Method for Determining Coordinates of seafloor control network
The key of the seafloor control network construction is to achieve the cm-level seafloor control points positioning [1]. For now, the mainly method is GNSS combined with acoustic ranging [2-6], GNSS can provide 3-d coordinate for survey ships [7]. Acoustic devices can get the slant range from transducer installed under the survey ship to transponder on the seafloor [8]. After multiple measurements, using intersection positioning model can get the absolute coordinate of the seafloor control points. The current method for single control point coordinate determines usually by sailing circle, which means that survey ship sails the circle with transponder on the seafloor as its center and water depth as its radius. This method can get the exact horizontal coordinate of control point. However, the precision is mostly limited by the influence of upper sea sound velocity profile changing, and the separately measuring method can cause low production efficiency. As the transponder function of measuring mutually the distance between each other widely used, the base line between seafloor control points can be measured by this method. Because of stabilization of sound velocity profile under sea, the base line measurement between seafloor control points has better precision. Besides, the pressure transducer in the transponder can provide depth with better precision. Based on whole measured data, the unknown coordinate can be determined by network adjustment, which makes fast calculating all 3-d coordinates come true.
The influence of temporal and spatial variation of sound velocity on ranging error
The uncertainty of sound velocity profile is the main effect on underwater acoustic measure precision. The equivalent ranging error can be divided into two parts: one is caused by the measuring inaccuracy of background sound velocity profile. The other is periodic error caused by internal waves, tide and temperature change during a day. First, the solar radiation causes periodic change of surface water temperature. Surface water heat has affected a certain depth of seawater through heat conduction.
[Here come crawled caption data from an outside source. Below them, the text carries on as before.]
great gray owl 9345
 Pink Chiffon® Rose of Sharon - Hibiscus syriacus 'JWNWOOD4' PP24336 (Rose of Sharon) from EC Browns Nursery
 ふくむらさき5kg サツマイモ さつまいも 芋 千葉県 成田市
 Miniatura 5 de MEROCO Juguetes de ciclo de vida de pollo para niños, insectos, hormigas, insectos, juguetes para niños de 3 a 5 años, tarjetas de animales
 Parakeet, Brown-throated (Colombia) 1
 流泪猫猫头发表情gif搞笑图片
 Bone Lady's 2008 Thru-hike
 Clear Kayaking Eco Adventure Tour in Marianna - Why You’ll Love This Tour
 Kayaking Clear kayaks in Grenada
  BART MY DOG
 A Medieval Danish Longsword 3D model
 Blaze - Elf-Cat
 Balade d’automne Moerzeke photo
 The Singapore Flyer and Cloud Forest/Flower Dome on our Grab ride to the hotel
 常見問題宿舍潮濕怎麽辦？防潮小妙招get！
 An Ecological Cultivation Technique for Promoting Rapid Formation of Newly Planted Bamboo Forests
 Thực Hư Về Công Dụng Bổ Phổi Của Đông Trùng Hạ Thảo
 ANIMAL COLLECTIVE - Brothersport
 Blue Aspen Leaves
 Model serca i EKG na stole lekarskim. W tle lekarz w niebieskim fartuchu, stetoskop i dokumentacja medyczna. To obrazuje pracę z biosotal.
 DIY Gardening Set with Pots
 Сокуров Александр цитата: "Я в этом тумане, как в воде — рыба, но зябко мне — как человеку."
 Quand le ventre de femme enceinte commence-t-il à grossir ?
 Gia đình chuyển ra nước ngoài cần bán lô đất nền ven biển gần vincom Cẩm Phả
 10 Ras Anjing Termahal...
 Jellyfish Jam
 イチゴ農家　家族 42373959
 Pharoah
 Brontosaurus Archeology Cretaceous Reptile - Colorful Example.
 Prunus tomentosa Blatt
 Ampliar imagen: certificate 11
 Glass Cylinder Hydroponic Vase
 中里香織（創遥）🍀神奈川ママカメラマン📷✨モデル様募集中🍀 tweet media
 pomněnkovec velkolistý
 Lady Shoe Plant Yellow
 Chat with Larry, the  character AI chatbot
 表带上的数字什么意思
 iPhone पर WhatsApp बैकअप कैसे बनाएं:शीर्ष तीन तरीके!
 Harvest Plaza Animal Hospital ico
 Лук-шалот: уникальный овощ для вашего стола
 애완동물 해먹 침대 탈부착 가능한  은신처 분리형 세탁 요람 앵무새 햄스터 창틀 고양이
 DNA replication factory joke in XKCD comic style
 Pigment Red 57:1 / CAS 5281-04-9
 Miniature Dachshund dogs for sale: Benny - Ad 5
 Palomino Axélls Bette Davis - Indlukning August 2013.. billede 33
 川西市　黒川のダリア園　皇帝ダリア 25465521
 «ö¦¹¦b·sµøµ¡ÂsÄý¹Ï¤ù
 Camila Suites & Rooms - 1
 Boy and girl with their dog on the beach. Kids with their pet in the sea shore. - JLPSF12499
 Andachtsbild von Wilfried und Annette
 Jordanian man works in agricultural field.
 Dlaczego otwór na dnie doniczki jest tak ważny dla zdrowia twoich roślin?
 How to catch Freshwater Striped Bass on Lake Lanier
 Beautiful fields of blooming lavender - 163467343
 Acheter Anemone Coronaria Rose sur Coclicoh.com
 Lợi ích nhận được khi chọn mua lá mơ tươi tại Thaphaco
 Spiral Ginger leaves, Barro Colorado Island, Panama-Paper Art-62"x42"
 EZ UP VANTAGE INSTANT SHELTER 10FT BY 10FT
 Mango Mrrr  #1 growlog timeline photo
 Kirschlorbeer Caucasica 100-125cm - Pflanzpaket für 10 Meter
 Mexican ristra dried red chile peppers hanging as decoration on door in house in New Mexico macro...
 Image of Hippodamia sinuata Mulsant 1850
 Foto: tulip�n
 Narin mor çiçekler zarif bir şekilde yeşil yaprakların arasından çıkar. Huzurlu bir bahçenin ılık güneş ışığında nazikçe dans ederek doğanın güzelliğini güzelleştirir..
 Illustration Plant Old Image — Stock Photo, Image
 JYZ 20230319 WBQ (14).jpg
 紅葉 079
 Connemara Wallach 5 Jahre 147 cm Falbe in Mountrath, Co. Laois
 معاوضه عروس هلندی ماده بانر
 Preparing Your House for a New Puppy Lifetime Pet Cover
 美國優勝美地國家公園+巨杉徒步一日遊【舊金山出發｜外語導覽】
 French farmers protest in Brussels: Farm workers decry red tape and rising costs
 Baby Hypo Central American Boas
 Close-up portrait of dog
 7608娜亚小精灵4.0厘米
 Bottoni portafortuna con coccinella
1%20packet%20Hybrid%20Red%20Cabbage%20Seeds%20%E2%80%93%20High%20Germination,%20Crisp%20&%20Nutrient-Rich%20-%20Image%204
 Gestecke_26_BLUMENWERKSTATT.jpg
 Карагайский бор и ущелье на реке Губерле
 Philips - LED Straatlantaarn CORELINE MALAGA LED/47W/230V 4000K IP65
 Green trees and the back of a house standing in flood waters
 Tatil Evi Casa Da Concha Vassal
The temperature change causes periodic change of sound velocity profile. Internal waves led the water to move vertically which makes heat exchange between the upper and lower water and causes periodic change of sound velocity profile.
The calculation of slant ranges from transducer installed under the survey ship to transponder on the seafloor is based on ray-tracing algorithm. The sound velocity profile which based on ray-tracing algorithm is measured. The instantaneous sound velocity profile is changing over time. So, the difference between this will cause ranging error which is the main error resource of acoustic range. Based on ST law, the error include fixture (caused by background sound velocity profile error) and period (caused by sound velocity profile change over time). The fixture has a linear relationship with the slant range. The period of periodic error is like the period of sound velocity profile area change.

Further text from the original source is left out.